Directions for this task =>
Leaving out the images, repeat all the lines below exactly.

Input data =>

*** Block opens ***

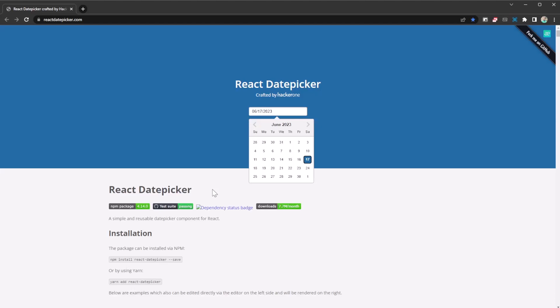What's up guys, welcome to another video. Happy to have you on here. Today we're going to be looking at another JavaScript library, and today we're going to be looking at the React Date Picker.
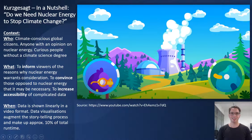Hi there. This first data visualization comes from Kurzgesagt and it's titled 'Do we need nuclear energy to stop climate change?'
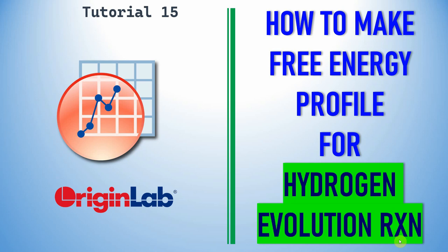Dear friends, this is my tutorial 15. In this video you can learn how to make free energy profile for hydrogen evolution reactions.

*** Block closes ***

Answer section =>
What's up guys, welcome to another video. Happy to have you on here. Today we're going to be looking at another JavaScript library, and today we're going to be looking at the React Date Picker.
Hi there. This first data visualization comes from Kurzgesagt and it's titled 'Do we need nuclear energy to stop climate change?'
Dear friends, this is my tutorial 15. In this video you can learn how to make free energy profile for hydrogen evolution reactions.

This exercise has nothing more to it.